╭─ Supplied material
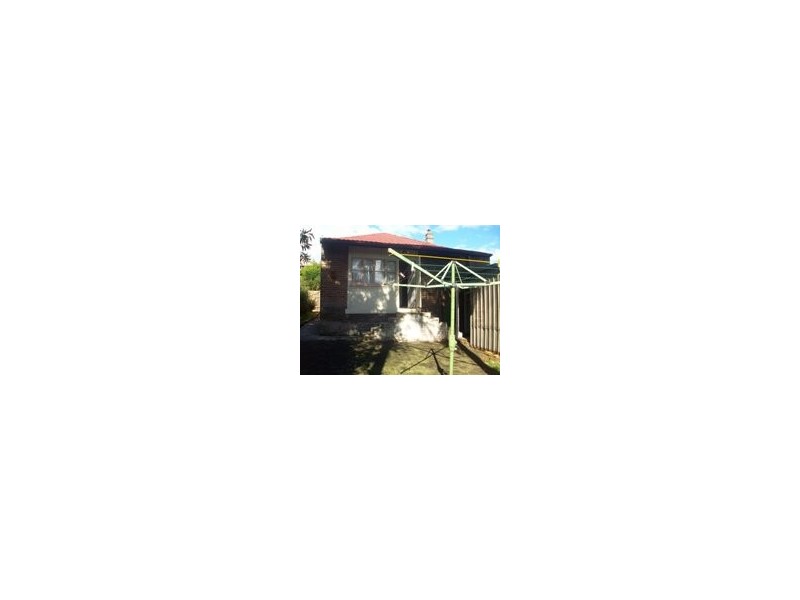15 Wells ave, Tempe NSW 2044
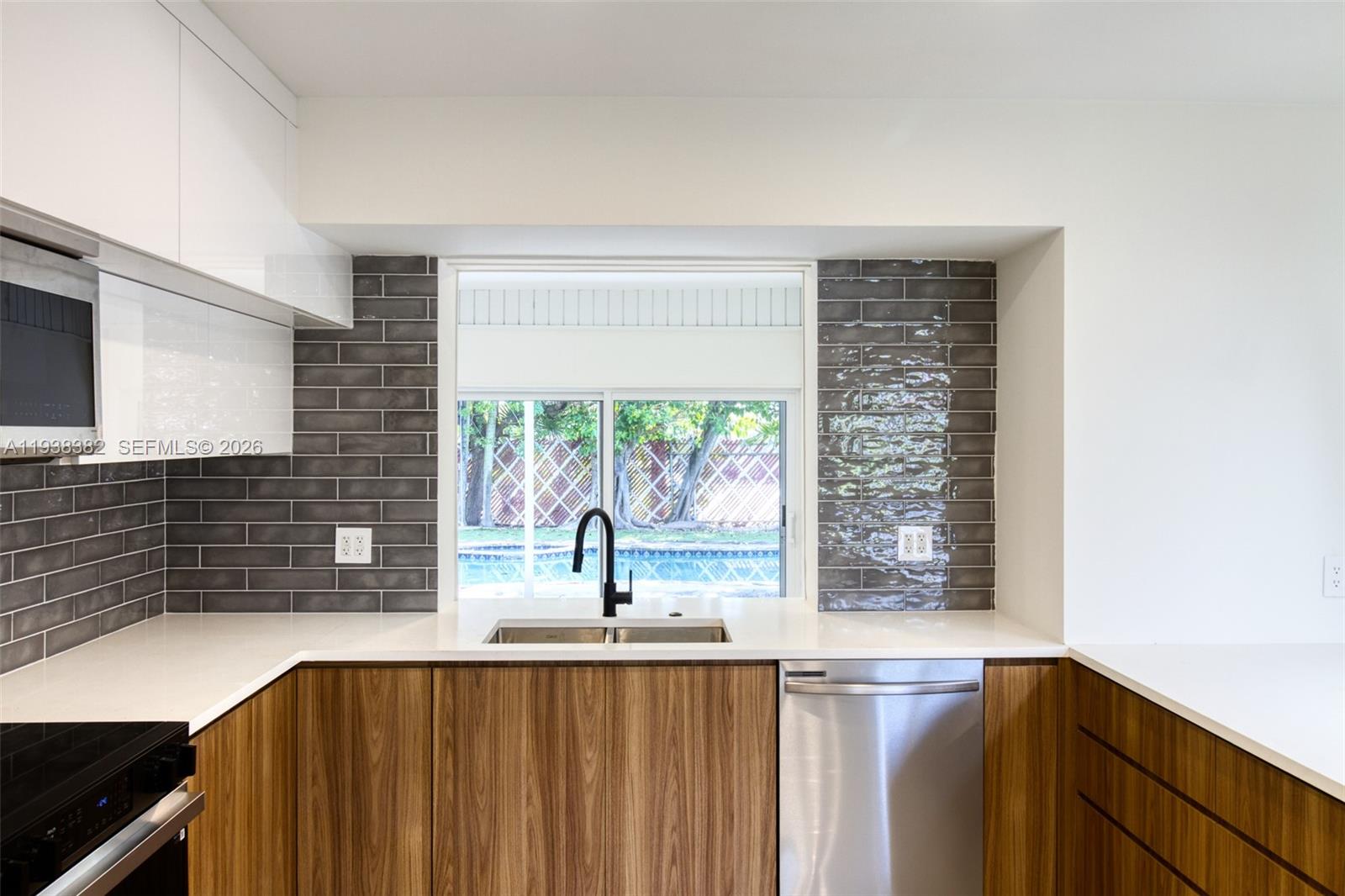 4308 Adams Street Hollywood, FL 33021 - Photo 12 of 56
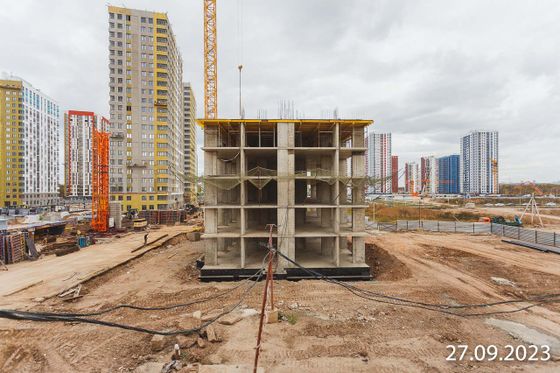 Микрорайон «Яркий», ул.  Евгения Столярова, 14 — 3 кв. 2023 г.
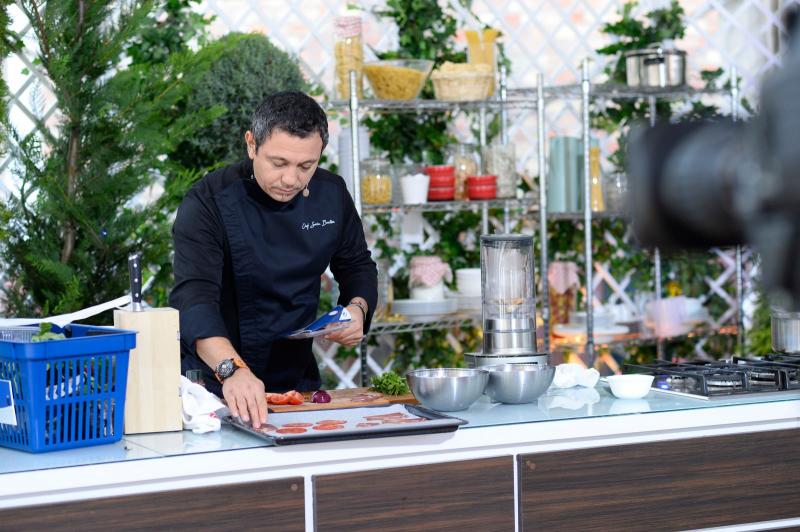 Nicolai Tand jurizează lupta amuletelor la „Chefi la cuțite”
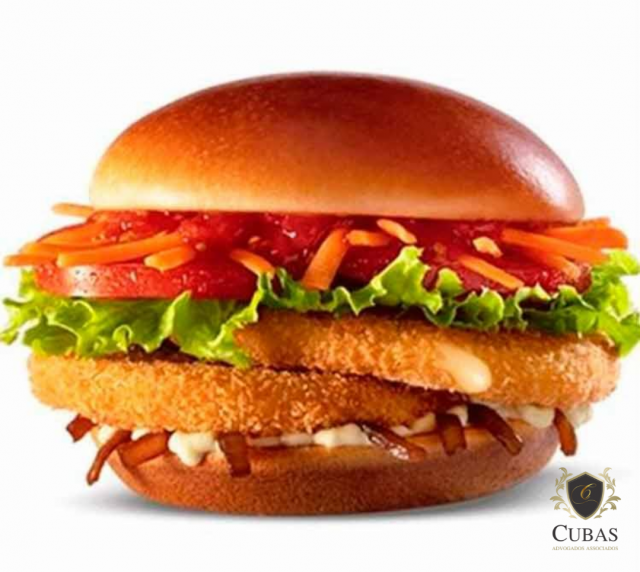 Empregada obrigada a comer sanduche de fast-food como refeio ser indenizada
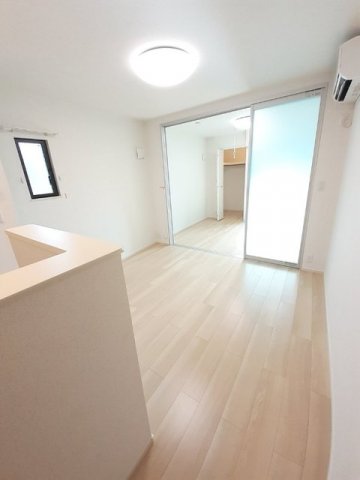 居室・リビング　こちらのリビングで趣味の時間をお楽しみください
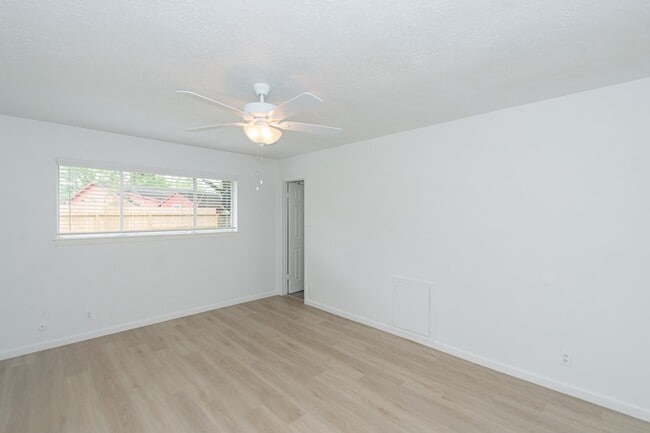 Building Photo - 5704 Leggett Ln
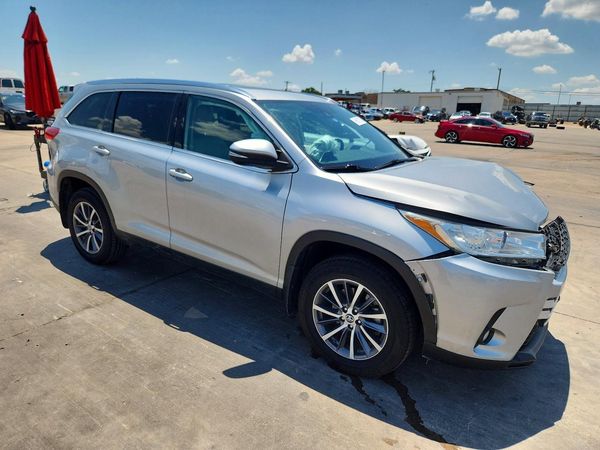 2019 TOYOTA HIGHLANDER SE/XLE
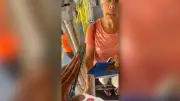 Arroganz-Ansage an 80-Jährige: Mann blockiert Treppe und filmt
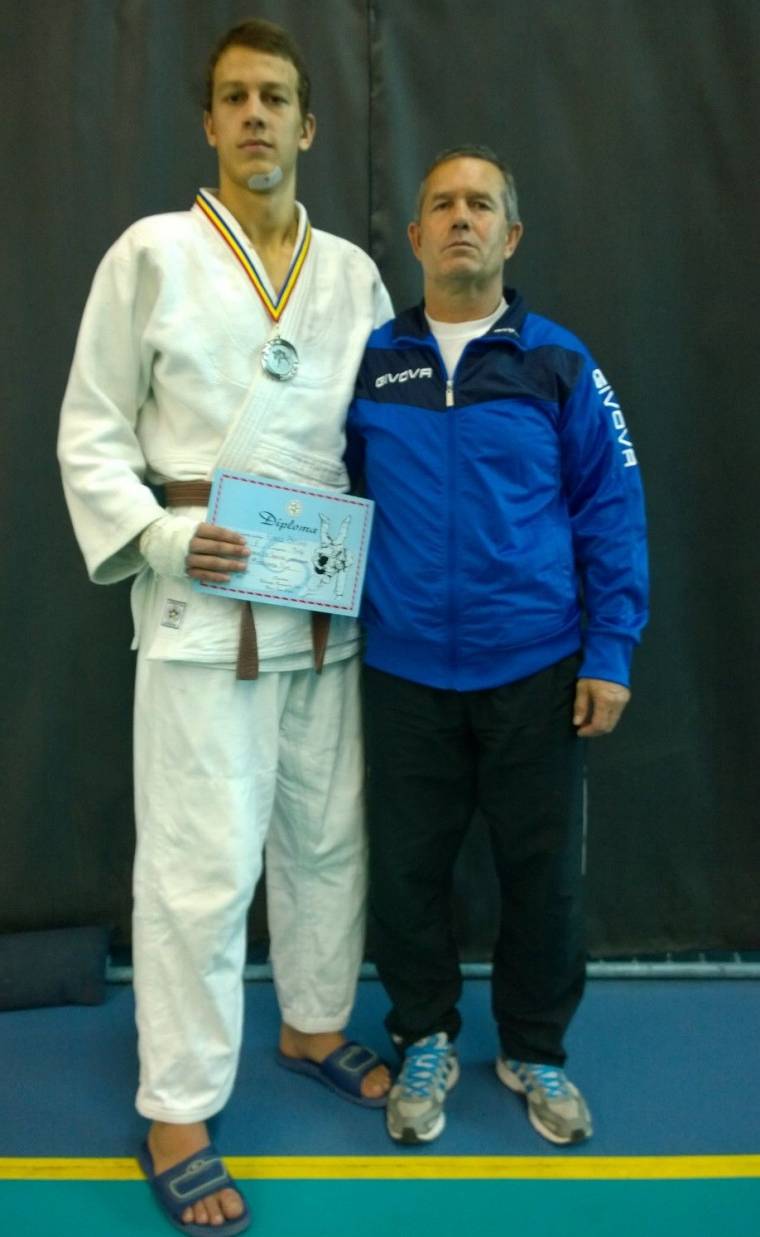 Koncz Botond ezüstérmes a felnőtteknél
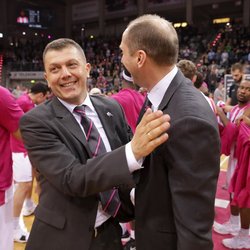 Trainer Predrag Krunic, Co-Trainer Chris O'SheaTelekom Baskets Bonn nach Sieg vs. L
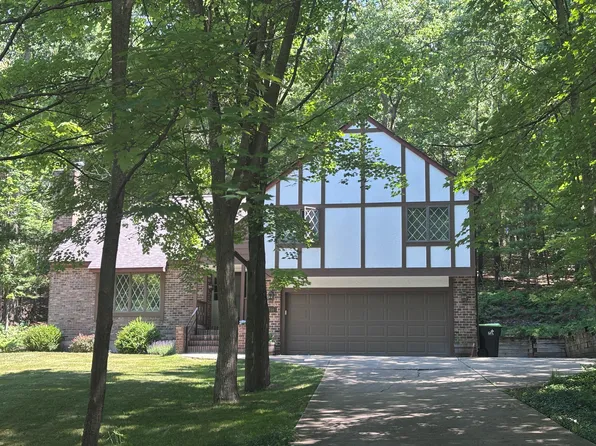 3706 Holiday Village Rd, Traverse City, MI 49686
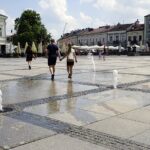 06.07.2021. Kielce. Fontanna na Rynku / Anna Kwapisz / Radio Kielce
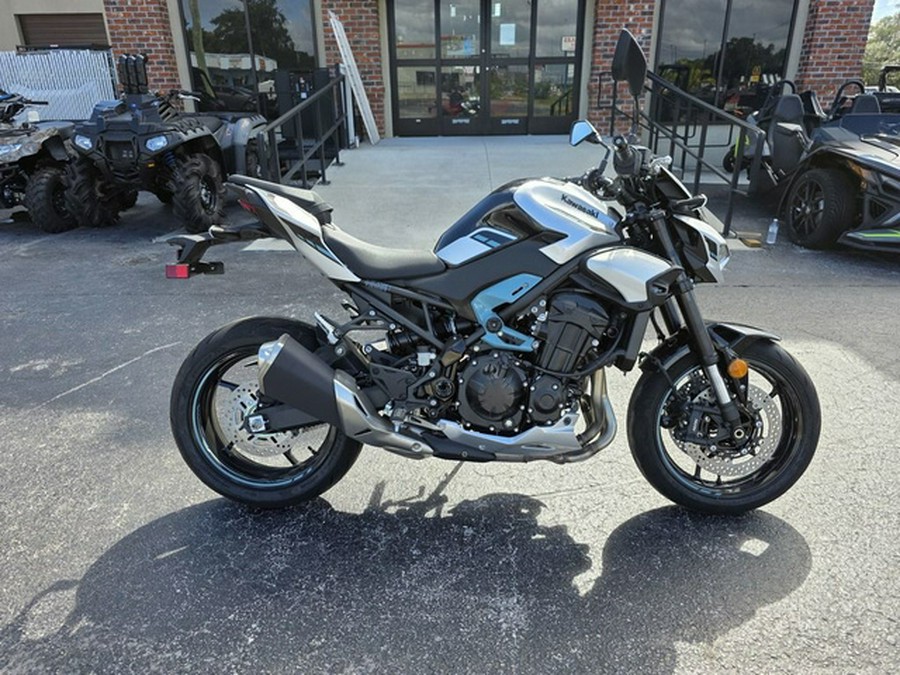 2025 Kawasaki Z900 ABS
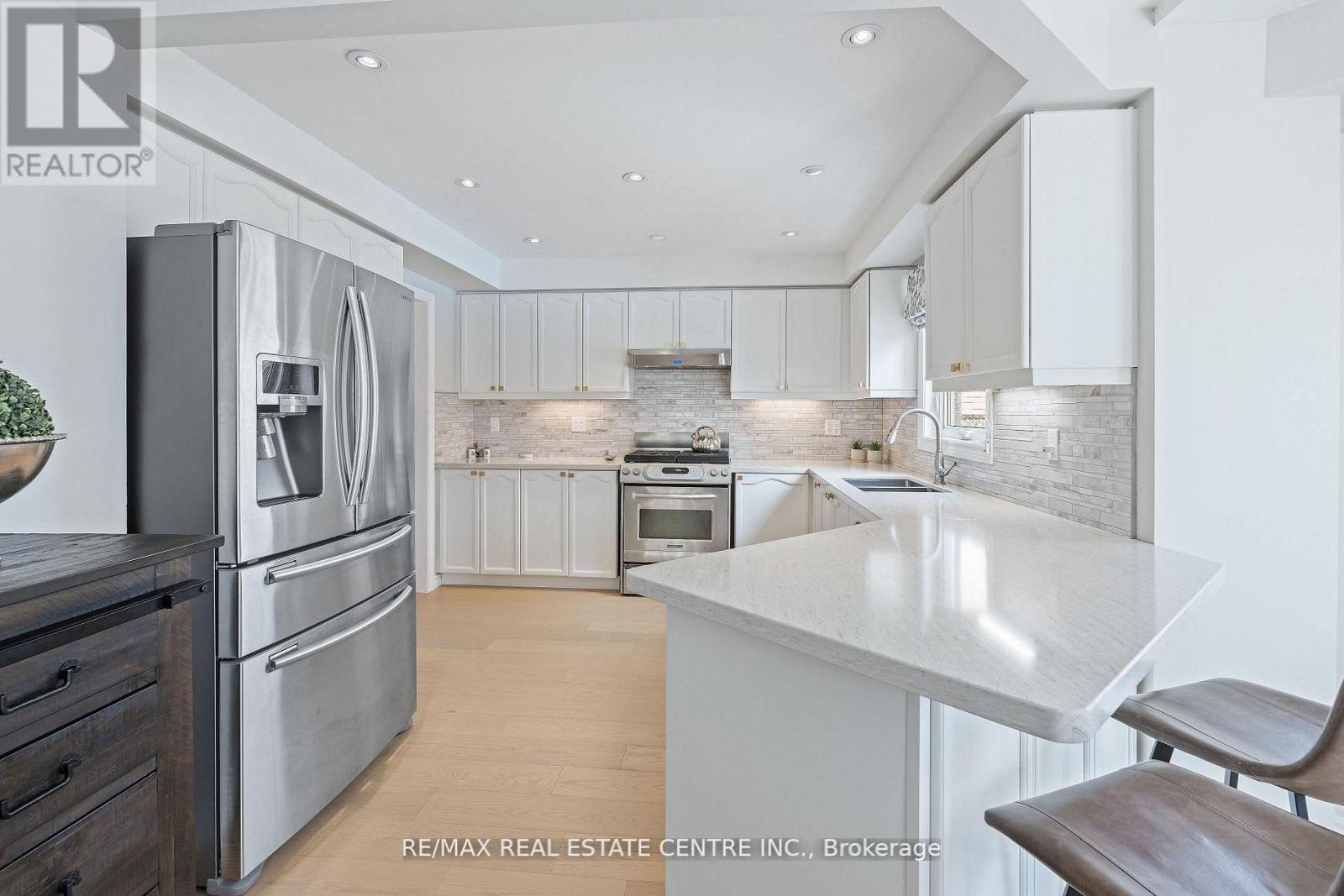 20 NIXON CRESCENT - Image 3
╰─
• What to work on: Your answer should be the lines from the opening of the records through the line with "居室・リビング　こちらのリビングで趣味の時間をお楽しみください", both ends retyped exactly and pictures left out.

• Completed exercise:
15 Wells ave, Tempe NSW 2044
 4308 Adams Street Hollywood, FL 33021 - Photo 12 of 56
 Микрорайон «Яркий», ул.  Евгения Столярова, 14 — 3 кв. 2023 г.
 Nicolai Tand jurizează lupta amuletelor la „Chefi la cuțite”
 Empregada obrigada a comer sanduche de fast-food como refeio ser indenizada
 居室・リビング　こちらのリビングで趣味の時間をお楽しみください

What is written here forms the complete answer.